I nod. “Yes. We need to be there over the long holiday weekend. I’m putting my house on the market tomorrow.”
She swallows audibly. “I see.”
Caleb decides to join in the conversation on his iPad app. “Nana live with us.”
Her eyes snap from me to him, then back at mine.
Pain. Sharp and crisp filters through them.
Through a tight smile, I add, “Yes, buddy. Grandma will live with us for a while, at least.”
I reach for Brooklyn’s hand, but she snaps it away as if I’ve struck her.
“That’s good that you have family there to help. For Caleb’s sake.”
Placing my hands in my lap, I lean back in my chair, closing my eyes momentarily in search of the right words. Opening them again, I stare into her marble-colored eyes, swirling with silver. “Brooklyn, there’s something else. I want to invite you along. To come with us. What I mean to say is…”

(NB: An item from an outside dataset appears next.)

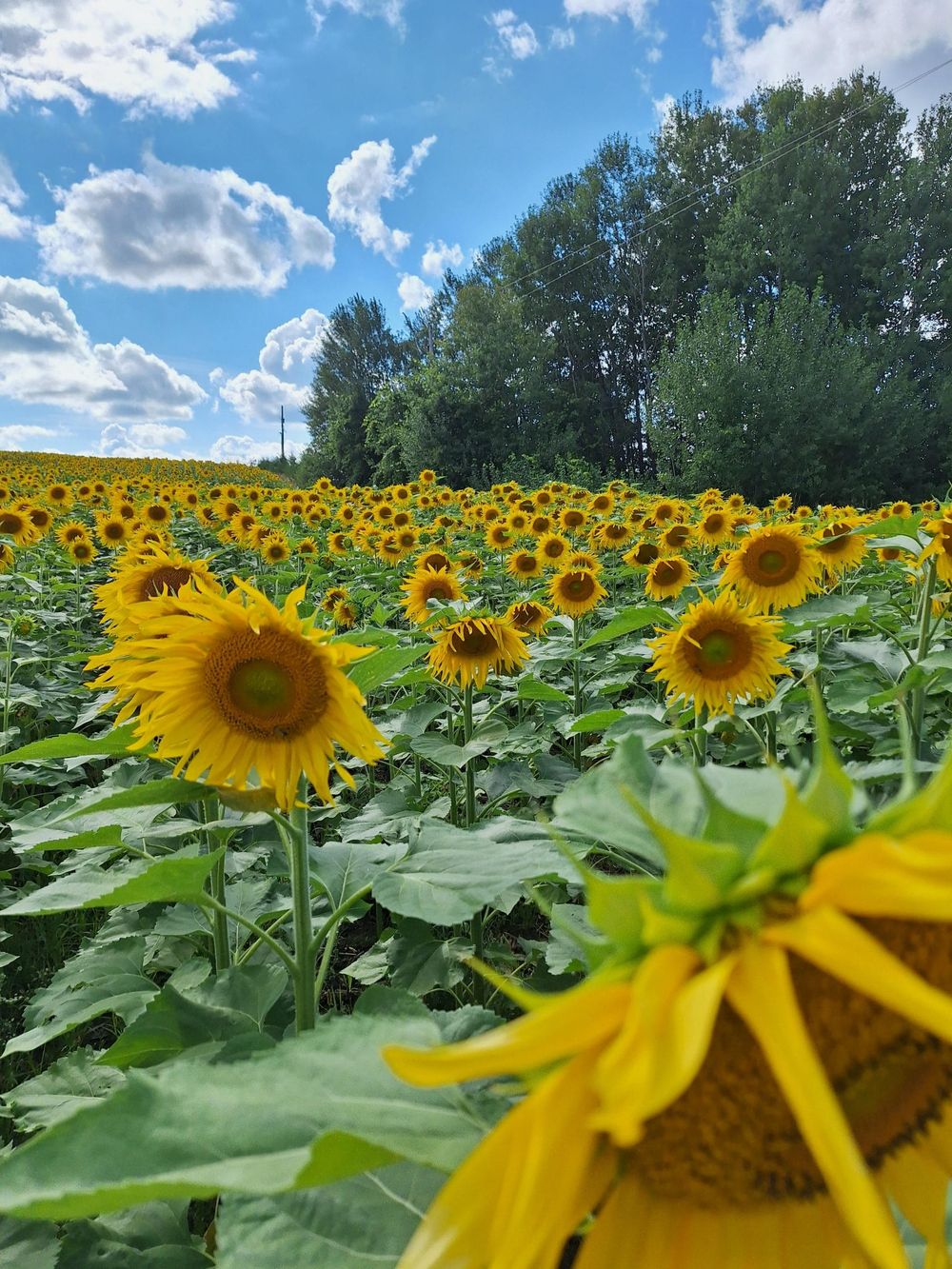 Holstein Foodgrains project celebrates 30 years post image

Brooklyn pushes back in her chair, shaking her head adamantly, her hand telling me to stop talking.
“Go with you?” Her voice skyrockets to break the sound barrier. “To Indiana? Are you joking?”
A frown forms along my lips and my first response is to take offense at the tone she uses in reference to the state I grew up in. But I know it’s not about that or that she has anything against the state itself.
“No, I’m not joking. I want you to move with us. I love you. Caleb loves you. I don’t want to lose you.”
Brooklyn nervously paces back and forth taking large inhales and letting out long exhales of breath.
And then she turns on me, pinning me with a scolding look. “You do realize that my life is here, right, Garrett? That I’m in the midst of my first semester in grad school. That I have a lease on an apartment. That I can’t just uproot my life on a whim.” She ticks all of these things off on her fingers as if I hadn’t thought about them before now.